Nous touchions à la fin de notre villégiature. Un des tout derniers jours, maman, Marguerite et moi, prîmes aussi le chemin du Colombier.

Evénement considérable, et qui pourtant arrivait à son heure par une pente fatale. Mon père ne revenait jamais de là-bas sans parler longuement de la femme de son ami, et il n'avait pas assez de louanges pour son dévouement, son tact, son courage. Dès lors, pourquoi maman demeu- rait-elle dans la coulisse ? N'était-ce point faire sentir injurieusement à madame Tourneur que toutes ses vertus ne suffisaient pas à la mettre au rang d'une honnête femme ?

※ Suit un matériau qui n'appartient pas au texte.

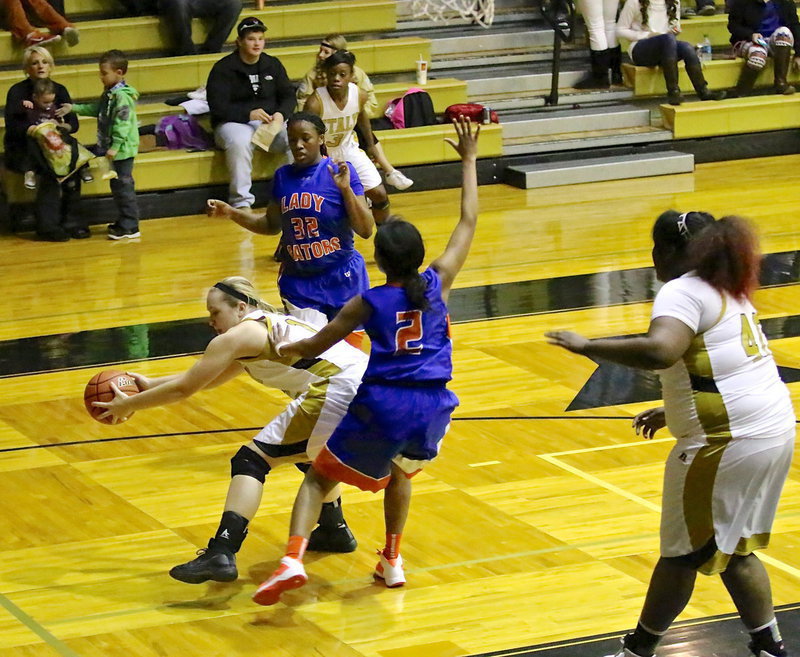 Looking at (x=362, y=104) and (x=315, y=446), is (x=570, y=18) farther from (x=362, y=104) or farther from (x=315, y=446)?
(x=315, y=446)

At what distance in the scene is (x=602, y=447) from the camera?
6766 mm

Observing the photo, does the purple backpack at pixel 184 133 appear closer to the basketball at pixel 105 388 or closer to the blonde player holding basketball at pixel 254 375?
the basketball at pixel 105 388

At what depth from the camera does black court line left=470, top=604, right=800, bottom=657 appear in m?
4.64

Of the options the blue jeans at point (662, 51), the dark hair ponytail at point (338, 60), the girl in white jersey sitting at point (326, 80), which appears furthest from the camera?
the blue jeans at point (662, 51)

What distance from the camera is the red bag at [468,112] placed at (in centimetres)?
1357

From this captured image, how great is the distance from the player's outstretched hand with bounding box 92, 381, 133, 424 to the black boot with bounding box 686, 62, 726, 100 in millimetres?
10242

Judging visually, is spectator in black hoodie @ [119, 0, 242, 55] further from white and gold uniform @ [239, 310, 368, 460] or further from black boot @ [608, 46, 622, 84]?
white and gold uniform @ [239, 310, 368, 460]

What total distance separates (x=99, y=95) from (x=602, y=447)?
7.77 metres

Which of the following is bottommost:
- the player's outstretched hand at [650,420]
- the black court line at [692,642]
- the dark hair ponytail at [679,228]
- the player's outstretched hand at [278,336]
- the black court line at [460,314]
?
the black court line at [692,642]

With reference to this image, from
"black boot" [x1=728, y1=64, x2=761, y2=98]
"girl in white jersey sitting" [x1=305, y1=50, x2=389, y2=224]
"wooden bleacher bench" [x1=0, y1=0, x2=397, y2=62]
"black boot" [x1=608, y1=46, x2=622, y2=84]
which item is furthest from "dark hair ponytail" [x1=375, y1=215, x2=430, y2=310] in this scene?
"black boot" [x1=728, y1=64, x2=761, y2=98]

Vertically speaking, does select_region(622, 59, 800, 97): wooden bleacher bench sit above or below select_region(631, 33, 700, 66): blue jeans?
below

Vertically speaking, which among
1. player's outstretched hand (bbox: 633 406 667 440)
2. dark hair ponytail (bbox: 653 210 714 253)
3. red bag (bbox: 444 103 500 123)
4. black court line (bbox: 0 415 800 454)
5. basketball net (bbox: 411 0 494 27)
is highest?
basketball net (bbox: 411 0 494 27)

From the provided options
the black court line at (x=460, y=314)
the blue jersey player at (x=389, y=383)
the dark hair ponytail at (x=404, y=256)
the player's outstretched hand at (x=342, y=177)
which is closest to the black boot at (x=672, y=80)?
the black court line at (x=460, y=314)

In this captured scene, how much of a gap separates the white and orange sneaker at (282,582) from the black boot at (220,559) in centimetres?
31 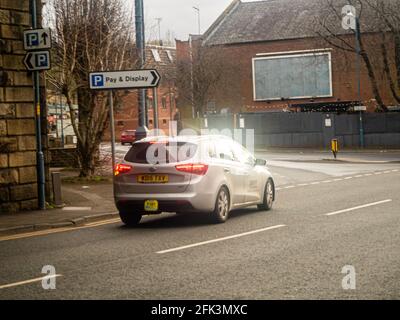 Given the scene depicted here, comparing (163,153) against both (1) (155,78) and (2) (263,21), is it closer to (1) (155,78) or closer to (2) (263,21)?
(1) (155,78)

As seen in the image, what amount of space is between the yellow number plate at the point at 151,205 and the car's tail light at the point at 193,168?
71cm

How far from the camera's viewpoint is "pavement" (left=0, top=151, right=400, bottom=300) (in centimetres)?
743

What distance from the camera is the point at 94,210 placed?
15672 mm

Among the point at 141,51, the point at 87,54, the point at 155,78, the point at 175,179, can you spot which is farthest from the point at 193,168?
the point at 87,54

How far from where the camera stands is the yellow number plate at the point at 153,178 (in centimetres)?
1291

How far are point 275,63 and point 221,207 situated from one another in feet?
182

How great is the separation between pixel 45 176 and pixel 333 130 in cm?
3489

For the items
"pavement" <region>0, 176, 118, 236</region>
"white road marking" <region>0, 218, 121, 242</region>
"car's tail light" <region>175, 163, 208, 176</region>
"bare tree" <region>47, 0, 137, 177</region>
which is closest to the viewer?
"white road marking" <region>0, 218, 121, 242</region>

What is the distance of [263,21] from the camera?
71.2m

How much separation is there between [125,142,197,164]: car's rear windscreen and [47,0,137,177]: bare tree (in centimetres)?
999

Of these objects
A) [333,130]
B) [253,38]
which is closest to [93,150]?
[333,130]

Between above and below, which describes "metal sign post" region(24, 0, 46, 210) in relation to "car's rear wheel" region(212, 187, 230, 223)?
above

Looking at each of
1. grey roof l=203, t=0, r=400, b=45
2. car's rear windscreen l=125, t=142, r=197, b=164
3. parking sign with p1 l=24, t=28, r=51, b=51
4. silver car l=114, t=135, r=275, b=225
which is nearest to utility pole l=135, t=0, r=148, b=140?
parking sign with p1 l=24, t=28, r=51, b=51

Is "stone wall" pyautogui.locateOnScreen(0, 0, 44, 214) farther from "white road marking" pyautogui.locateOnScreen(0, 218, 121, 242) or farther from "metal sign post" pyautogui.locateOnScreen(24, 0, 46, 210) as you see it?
"white road marking" pyautogui.locateOnScreen(0, 218, 121, 242) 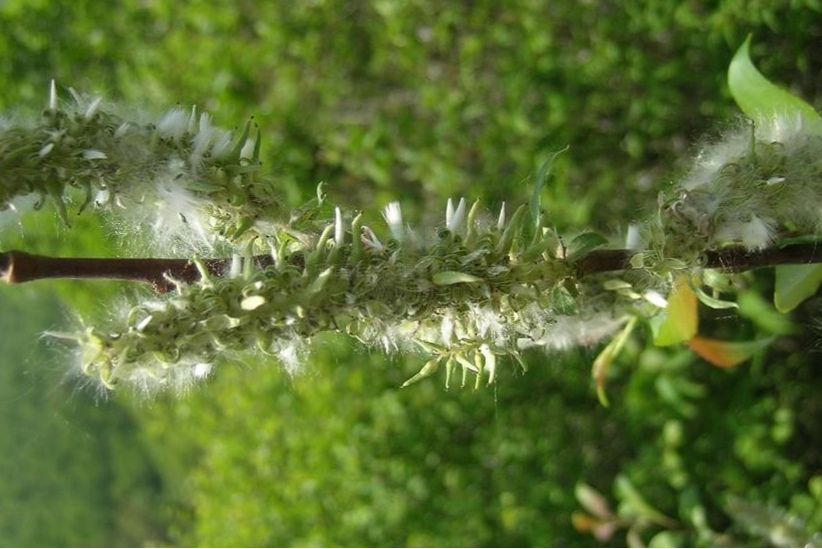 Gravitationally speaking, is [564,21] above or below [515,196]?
above

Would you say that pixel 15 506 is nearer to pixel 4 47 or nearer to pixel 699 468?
pixel 4 47

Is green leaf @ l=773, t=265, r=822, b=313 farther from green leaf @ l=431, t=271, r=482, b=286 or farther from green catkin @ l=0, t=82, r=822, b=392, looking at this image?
green leaf @ l=431, t=271, r=482, b=286

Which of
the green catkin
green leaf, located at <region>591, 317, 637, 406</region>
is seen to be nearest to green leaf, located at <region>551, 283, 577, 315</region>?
the green catkin

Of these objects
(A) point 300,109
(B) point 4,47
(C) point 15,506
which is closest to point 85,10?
(B) point 4,47

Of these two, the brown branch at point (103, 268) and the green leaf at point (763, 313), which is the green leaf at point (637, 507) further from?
the brown branch at point (103, 268)

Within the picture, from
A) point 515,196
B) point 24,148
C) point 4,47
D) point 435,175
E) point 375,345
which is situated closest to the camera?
point 24,148

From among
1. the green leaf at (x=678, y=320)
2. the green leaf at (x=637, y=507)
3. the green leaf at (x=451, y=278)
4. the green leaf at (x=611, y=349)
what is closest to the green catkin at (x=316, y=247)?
the green leaf at (x=451, y=278) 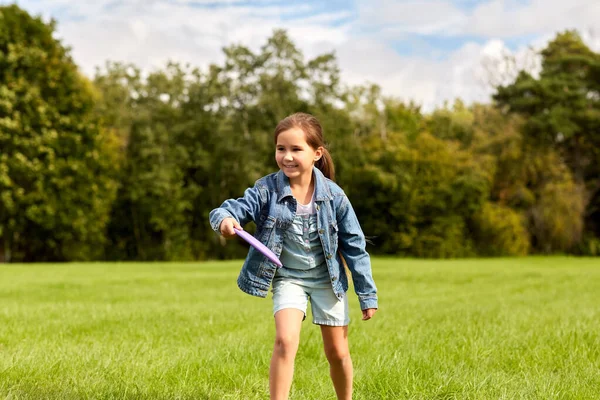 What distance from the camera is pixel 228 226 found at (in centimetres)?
363

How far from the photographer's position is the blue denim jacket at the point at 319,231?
4117mm

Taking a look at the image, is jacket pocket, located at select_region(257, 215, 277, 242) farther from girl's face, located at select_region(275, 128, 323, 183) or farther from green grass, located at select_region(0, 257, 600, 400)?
green grass, located at select_region(0, 257, 600, 400)

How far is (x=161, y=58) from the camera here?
42.0 meters

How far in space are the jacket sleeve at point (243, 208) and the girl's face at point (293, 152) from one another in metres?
0.20

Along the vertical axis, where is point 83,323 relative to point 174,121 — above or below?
below

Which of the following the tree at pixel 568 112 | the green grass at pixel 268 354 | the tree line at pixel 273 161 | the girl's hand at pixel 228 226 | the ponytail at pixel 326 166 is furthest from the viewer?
the tree at pixel 568 112

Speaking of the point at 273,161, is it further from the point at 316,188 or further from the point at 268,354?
the point at 316,188

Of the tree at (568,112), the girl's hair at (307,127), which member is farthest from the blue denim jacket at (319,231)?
the tree at (568,112)

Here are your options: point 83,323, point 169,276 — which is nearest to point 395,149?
point 169,276

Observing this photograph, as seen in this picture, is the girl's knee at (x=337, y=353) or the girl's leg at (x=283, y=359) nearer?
the girl's leg at (x=283, y=359)

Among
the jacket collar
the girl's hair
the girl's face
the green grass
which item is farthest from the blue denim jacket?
the green grass

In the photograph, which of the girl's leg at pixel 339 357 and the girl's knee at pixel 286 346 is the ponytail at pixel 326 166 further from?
the girl's knee at pixel 286 346

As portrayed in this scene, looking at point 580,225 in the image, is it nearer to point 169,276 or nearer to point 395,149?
point 395,149

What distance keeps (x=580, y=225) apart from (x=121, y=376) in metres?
40.5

J'approchais, le cœur battant, de ce domaine du Colombier, mystérieux comme ses hôtes, et que mes regards avaient si souvent cherché dans le paysage lorsque nous allions à Mauvent. Une lumière imperceptiblement voilée baignait la campagne paisible, enrichie des couleurs de l'automne. Les taillis brûlés par l'été étalaient sur les pentes toute la gamme des verts défaillants et des ors. Autour du château de Champdieu, les moutonnantes cimes du parc brunissaient. Les peupliers tremblaient dans le ciel doux. A l'ombre des pommiers, des pommes lie-de-vin étaient répandues sur le chaume. Des meules s'encadraient dans les arceaux ruinés de l'aqueduc romain.

Nous avions quitté la grand'route. Le chemin vicinal que nous suivions s'encaissa peu à peu. Nous dépassâmes une grosse ferme. On était arrivé.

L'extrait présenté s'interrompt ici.